▼

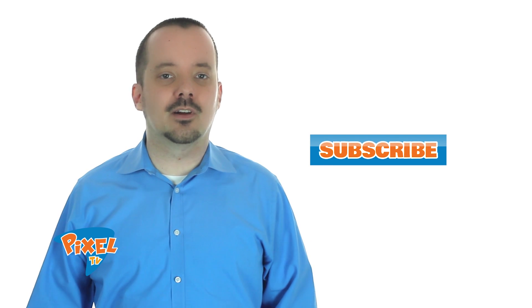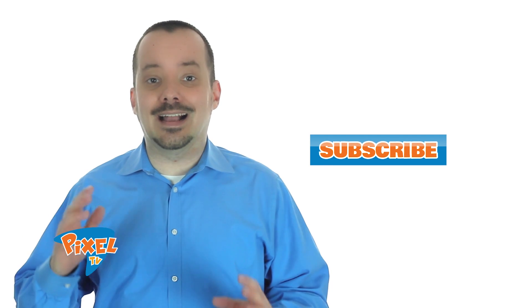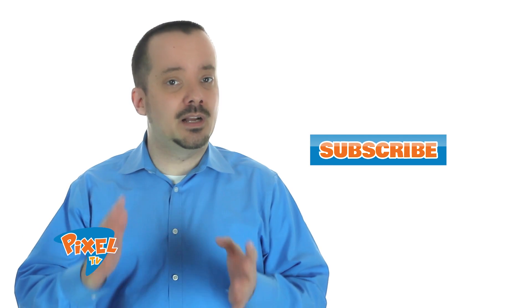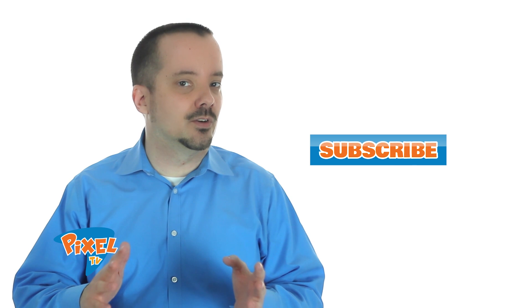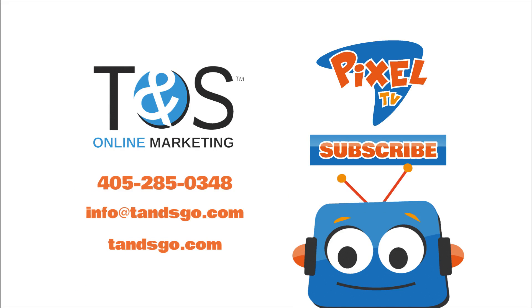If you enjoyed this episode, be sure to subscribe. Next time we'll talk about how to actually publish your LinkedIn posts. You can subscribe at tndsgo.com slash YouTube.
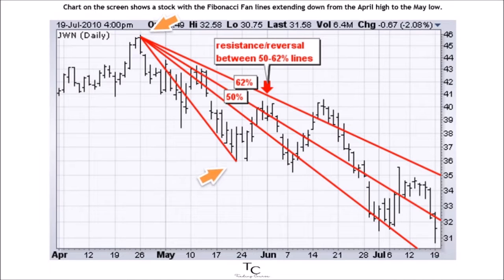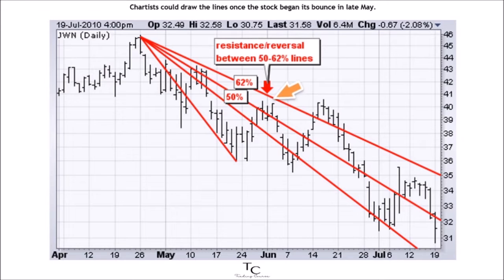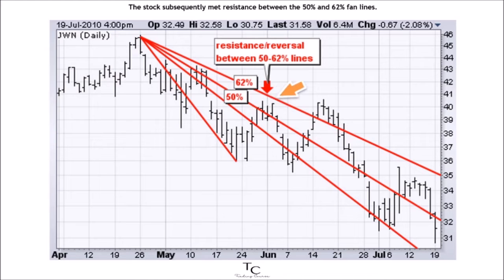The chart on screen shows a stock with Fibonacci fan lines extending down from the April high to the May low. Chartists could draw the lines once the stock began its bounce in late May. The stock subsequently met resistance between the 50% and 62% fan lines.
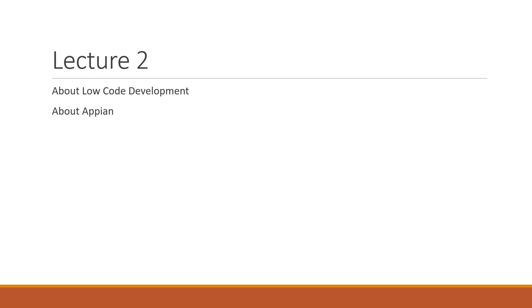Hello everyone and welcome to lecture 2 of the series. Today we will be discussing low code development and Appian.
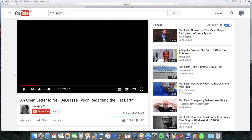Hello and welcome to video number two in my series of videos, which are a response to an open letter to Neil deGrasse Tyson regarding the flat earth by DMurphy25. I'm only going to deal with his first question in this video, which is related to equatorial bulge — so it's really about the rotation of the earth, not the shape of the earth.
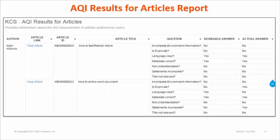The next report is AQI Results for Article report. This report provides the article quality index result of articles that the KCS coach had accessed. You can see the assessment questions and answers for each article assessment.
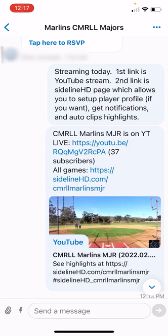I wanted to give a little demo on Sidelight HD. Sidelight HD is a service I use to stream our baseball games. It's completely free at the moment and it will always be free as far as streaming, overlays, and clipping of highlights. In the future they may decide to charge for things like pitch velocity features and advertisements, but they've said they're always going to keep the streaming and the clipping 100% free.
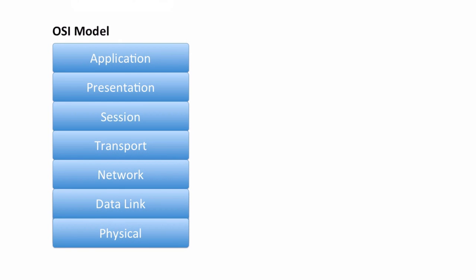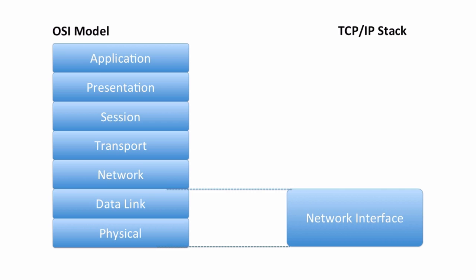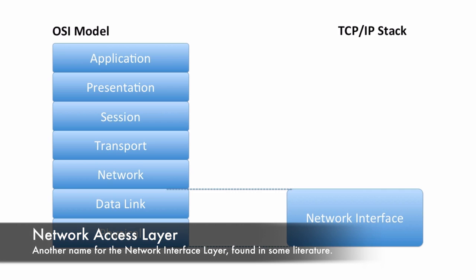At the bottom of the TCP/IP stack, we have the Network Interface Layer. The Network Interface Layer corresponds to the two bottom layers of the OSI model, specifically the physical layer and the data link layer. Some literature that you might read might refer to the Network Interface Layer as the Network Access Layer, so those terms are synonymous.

▲
▼

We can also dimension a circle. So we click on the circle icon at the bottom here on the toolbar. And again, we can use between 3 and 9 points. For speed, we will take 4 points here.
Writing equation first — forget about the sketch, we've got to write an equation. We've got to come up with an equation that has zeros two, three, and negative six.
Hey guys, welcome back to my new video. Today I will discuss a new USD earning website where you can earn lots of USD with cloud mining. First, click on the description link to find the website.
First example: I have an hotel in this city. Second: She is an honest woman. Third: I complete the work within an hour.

▲

Report every line of the records that contains the word "click".

OUTPUT FOR THIS TASK:
We can also dimension a circle. So we click on the circle icon at the bottom here on the toolbar. And again, we can use between 3 and 9 points. For speed, we will take 4 points here.
Hey guys, welcome back to my new video. Today I will discuss a new USD earning website where you can earn lots of USD with cloud mining. First, click on the description link to find the website.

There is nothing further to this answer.